Random variables are $X(\omega)=\omega$ and $Y(\omega)=\begin{cases}1, \ \omega \mbox{ is even} \\ 0, \ \omega \mbox{ is odd} \end{cases}.$

As a first generating system for $\mathcal{B}$ (corresponding to $X$) we choose $$ \mathcal{A}=\{A\in \mathcal{B}:(\{0,1\}\in A \mbox{ and } \{2,3\}\in A^c) \mbox{ or } (\{1,2\}\in A \mbox{ and } \{0,3\}\in A^c) \}. $$ As a second generating system for $\mathcal{B}$ (corresponding to $Y$) we choose the Borel $\sigma-$field $\mathcal{B}$ itself.
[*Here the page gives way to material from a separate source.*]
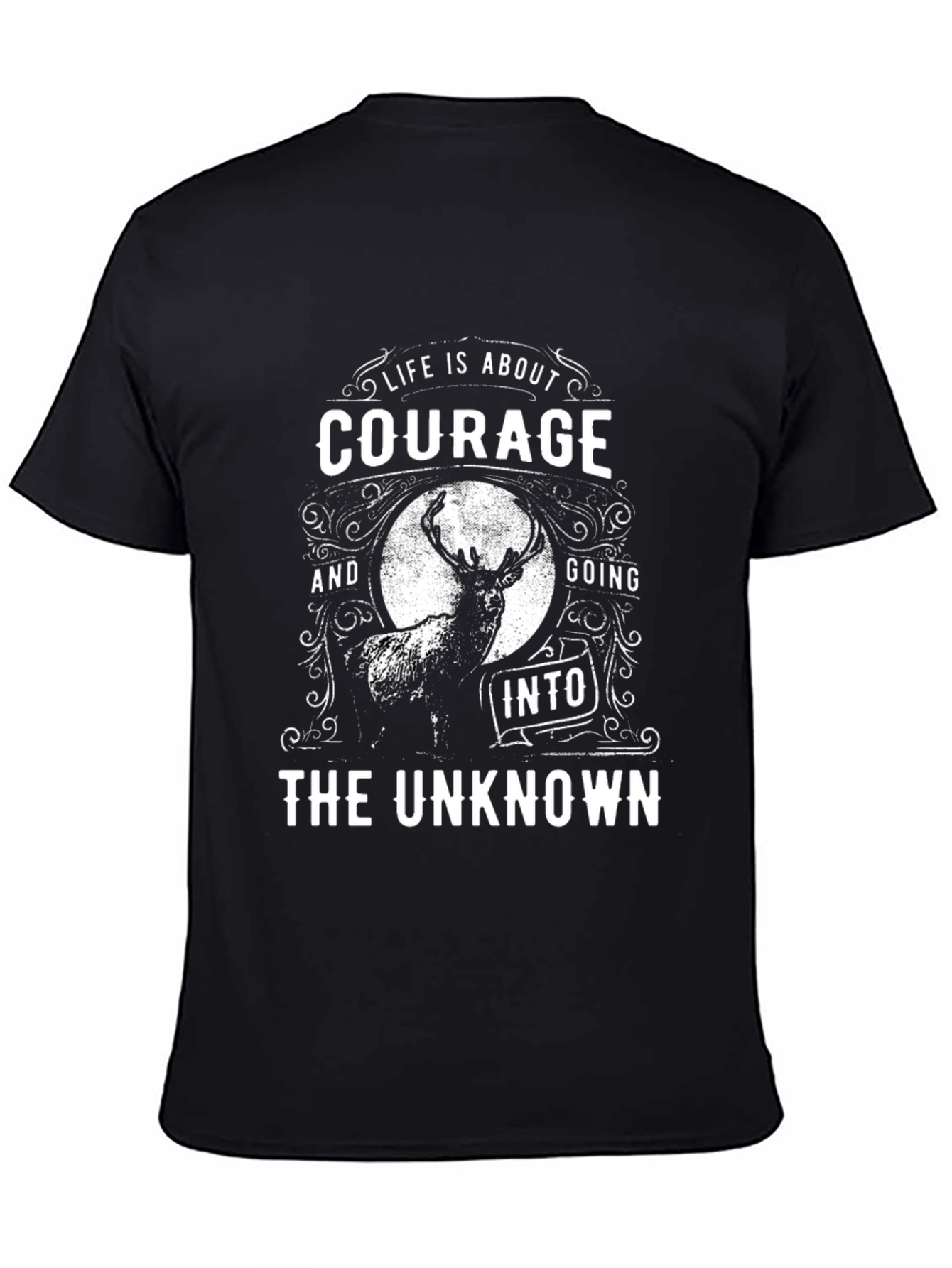 Courage Into The Unknown Black Graphic T-Shirt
Let us check that $\mathcal{A}$ generates $\mathcal{B}.$ Note that $$ \{0,1\}\in \mathcal{A}, \{1,2\}\in\mathcal{A}. $$ Then $$ \{1\}=\{0,1\}\cap\{1,2\}\in \sigma(\mathcal{A}). $$ It follows that one point sets $\{0\},\{1\},\{2\}$ belong to $\sigma(\mathcal{A}).$ Now, if $B$ is a Borel set and $3\not\in B,$ then $$ \tilde{B}=(B\setminus \{0,1,2\})\cap \{0,1\}\in\mathcal{A} $$ Starting from the set $\tilde{B}$ we can add or remove singletons $\{0\},\{1\},\{2\}$ and stay in $\sigma(\mathcal{A}).$ Clearly, performing these operations we will get $B,$ so $B\in\sigma(\mathcal{A}).$ If $3\in B,$ then $3\not\in B^c$ and $B^c\in\sigma(\mathcal{A}).$ It follows that $\mathcal{A}$ generates $\mathcal{B}.$

Now, let $A\in\mathcal{A}$ be such that $\{0,1\}\in A.$ Then $$ P(X\in A, Y=1)=P(\{\omega\in\{0,1\}:\omega \mbox{ is even}\})=P(\{0\})=\frac{1}{4} $$ Let $A\in\mathcal{A}$ be such that $\{1,2\}\in A.$ Then $$ P(X\in A, Y=1)=P(\{\omega\in\{1,2\}:\omega \mbox{ is even}\})=P(\{2\})=\frac{1}{4} $$ Independence condition holds for all sets from generating families. However, $X$ and $Y$ are dependent, as $$ P(X=1,Y=1)=0\ne P(X=1)P(Y=1) $$